WORK TO BE COMPLETED: For this task, output exactly the lines of the material below starting at the line with "Honda Stepwgn Spada 2,0L 2013-1" and ending at the line with "Partidarios de El"; pictures are to be excluded.

THE DATA:
============

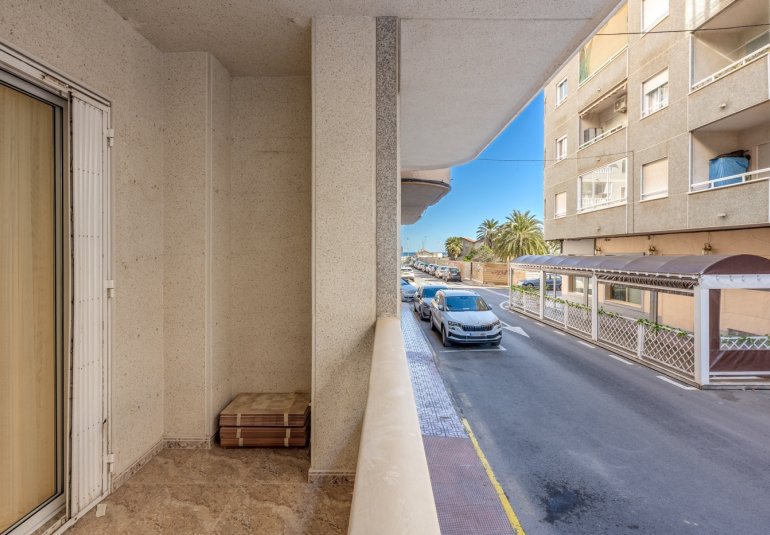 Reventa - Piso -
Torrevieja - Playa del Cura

============

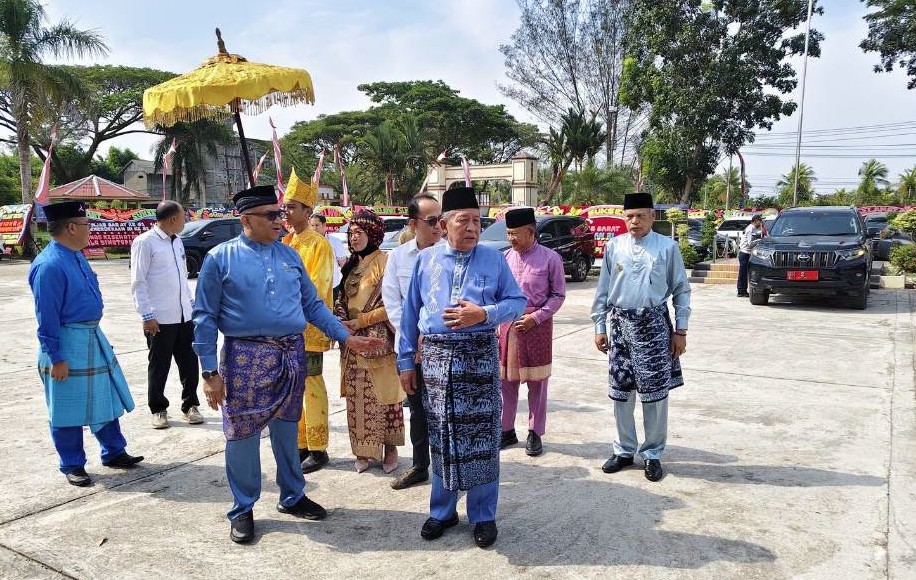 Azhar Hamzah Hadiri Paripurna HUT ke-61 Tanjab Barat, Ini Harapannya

============

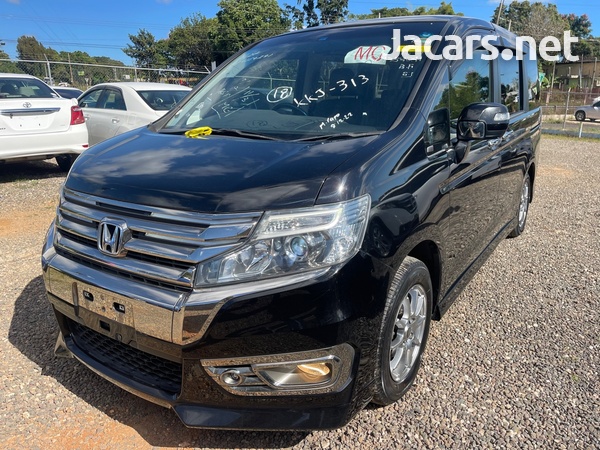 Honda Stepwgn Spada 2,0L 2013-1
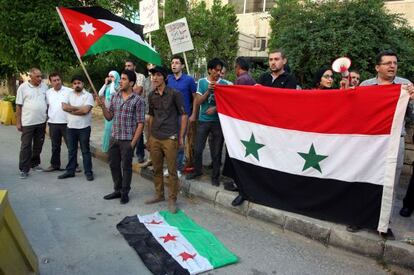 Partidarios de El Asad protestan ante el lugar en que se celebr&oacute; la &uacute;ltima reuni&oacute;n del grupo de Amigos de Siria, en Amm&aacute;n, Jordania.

============

ANSWER:
 Honda Stepwgn Spada 2,0L 2013-1
 Partidarios de El Asad protestan ante el lugar en que se celebr&oacute; la &uacute;ltima reuni&oacute;n del grupo de Amigos de Siria, en Amm&aacute;n, Jordania.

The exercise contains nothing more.